I recommend to use the Hailo AI Software Suite Docker on Ubuntu directly. This provides the easiest installation and upgrade.

1 Like

You can enable GPU on WSL by following these instructions:

For the Dataflow compiler, install the wheel in WSL by following these instructions:

1 Like

I haven’t had success with these instructions unfortunately. I am also trying to use my NVidia GPU on WSL. I have tried both using the docker, and the extractable SW suite that I installed in a virtualenv. In the virtualenv, I run nvidia-smi and can see that the GPU is present & recognized, but when I run hailo/hailomz it gives me a message about no GPU being available. Is there any further guidance?

Installing the Hailo-sw suite in WSL is not supported. You can only install DFC by following: How to install the Hailo Dataflow compiler (DFC) on WSL2

Thanks for the reply. I was able to successfully install DFC in my Ubuntu WSL2 instance, but DFC refuses to recognize the existence of my GPU. I can run nvidia-smi in the WSL2 instance and confirm the Ubuntu sees the GPU, but I just can’t get DFC to do the same. I would love some more pointers, thank you!

I would like to wake this thread up again. I have to say that I am very disappointed with the state of the Hailo DFC and Software Tooklit. I have foubd it impossible to get the non-Docker installations running, eirther under WSL or directly on Ubuntu (generally, the issues seem to be due to Pip incompatibilities). But that is not the focus of this post as I have now moved to Docker under Ubuntu 24.04.2 and I am seeing same GPU issues that were reported earlier in this thread and still remain unresolved after 3 months.
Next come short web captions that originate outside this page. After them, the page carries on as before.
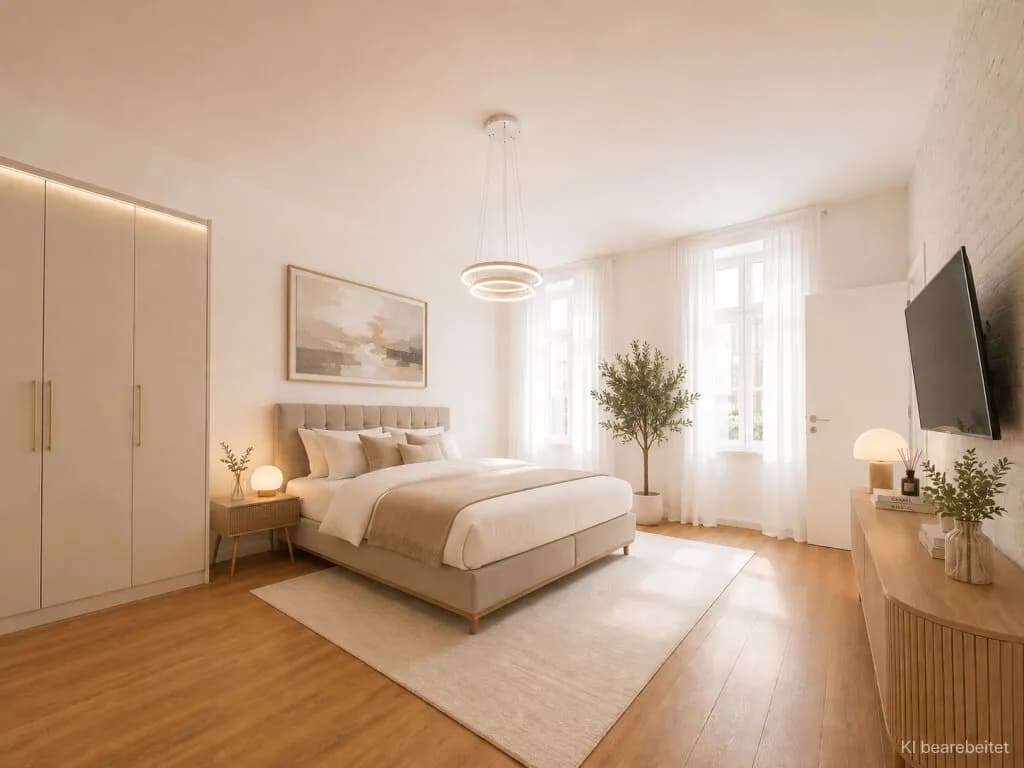 4-Zimmer-Wohnung kaufen in Wien – 106 m², € 699.000 – Bild 3 von 11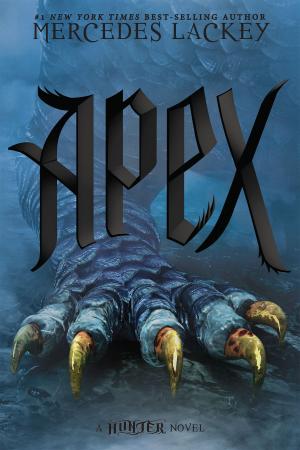 Cover of the book Apex by Gordon Korman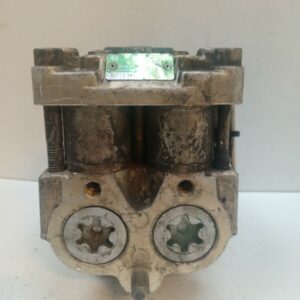 MODULO ABS AUDI 100 BERLINA (C4) Básico DIESEL Motor 2,5 Ltr.  116 CV  [1990 - 0] 0 Puertas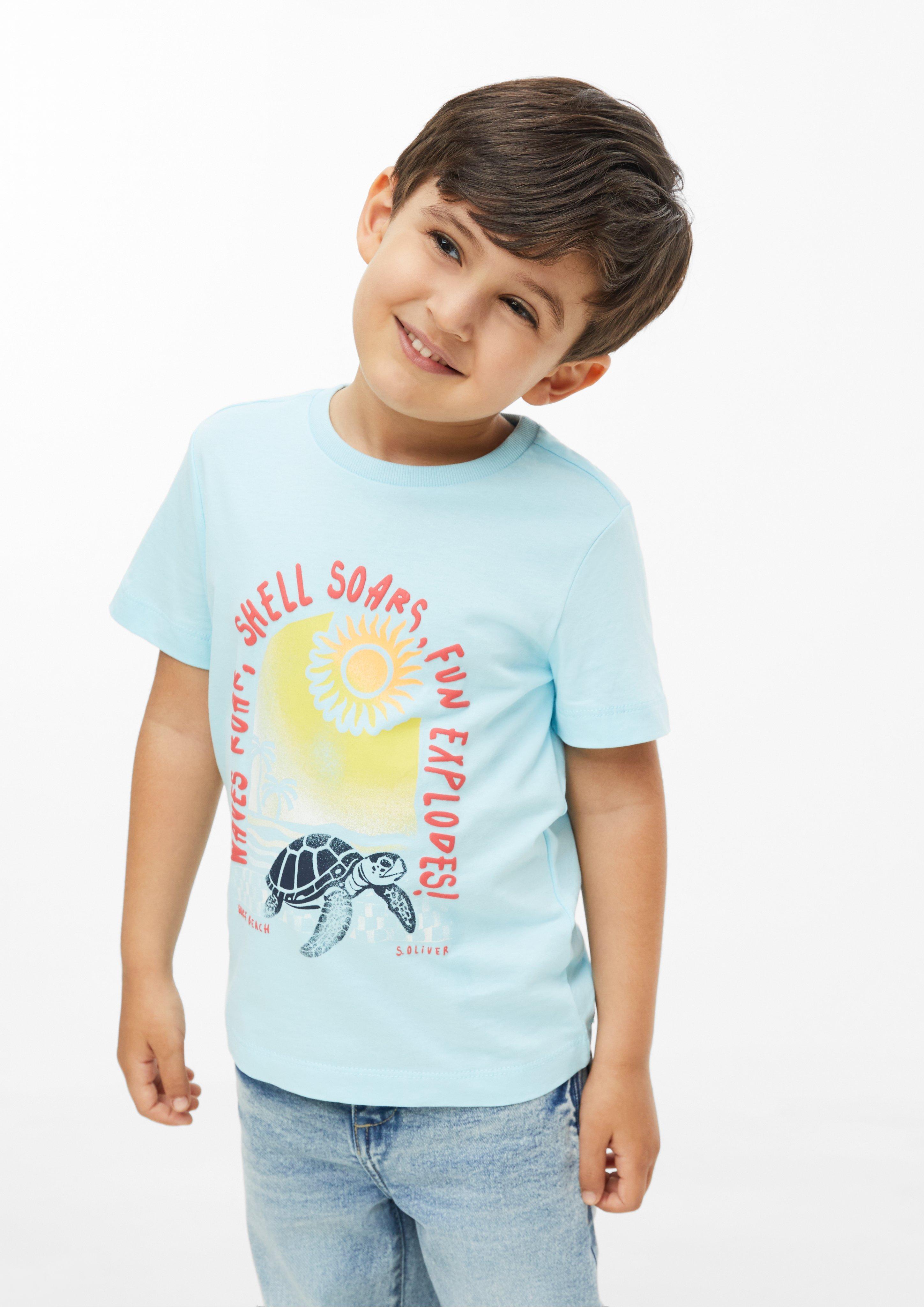  T-Shirt in  von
Installing nvidia-docker2 does not work with the current instructions. I guess that Nvidia have changed something in their Github repo. The command:

distribution=$(. /etc/os-release;echo $ID$VERSION_ID) \
&& curl -s -L https://nvidia.github.io/nvidia-docker/gpgkey | sudo apt-key add - \
&& curl -s -L \
https://nvidia.github.io/nvidia-docker/$distribution/nvidia-docker.list \
| sudo tee /etc/apt/sources.list.d/nvidia-docker.list

gives the following error message:

Warning: apt-key is deprecated. Manage keyring files in trusted.gpg.d instead (see apt-key(8)).
OK
# Unsupported distribution!
# Check https://nvidia.github.io/nvidia-docker

So even though my GPU is detected with nvidia-smi at version 550.120 it is not appearing within the container.

I have been trying to do something that should be fundamental - convert an ONNX file to HEF - for over two weeks now with no success and am getting frustrated. The folks at Hailo should really try to look at the state of the DFC documentation and bring it up to date ASAP. Without the ability to train custom models, the Hailo board for the RPi is little more than a toy.

I’m really sorry you’re running into this frustration. I completely understand how frustrating it can be when things don’t work as expected.

The Hailo AI Software Suite is officially supported on Ubuntu 20.04 and 22.04, as outlined in the User Guide. If you’re using a different OS version, you may encounter compatibility issues.

We plan to support Ubuntu 24 and deprecate support for Ubuntu 20 in one of the next versions.

Ok, thank you for the quick reply. I will install Ubuntu 22.04 to try again and report back.

Okay, I can confirm that with Ubuntu 22.04 I can now use nvidia-docker2 and I can see the GPU inside the Docker container. For others arriving here it is worth noting that:

  • The sudo apt-key command still gives a deprecation warning but the rest of the commands go through successfully.
  • The documentation says to use Docker 20.10.6 but this is no longer available in thwe archine. I used 20.10.13.
  • The docs say to use GPU driver 525 but the one I found was 535 and this seems to work okay.

Thanks for your help getting this sorted.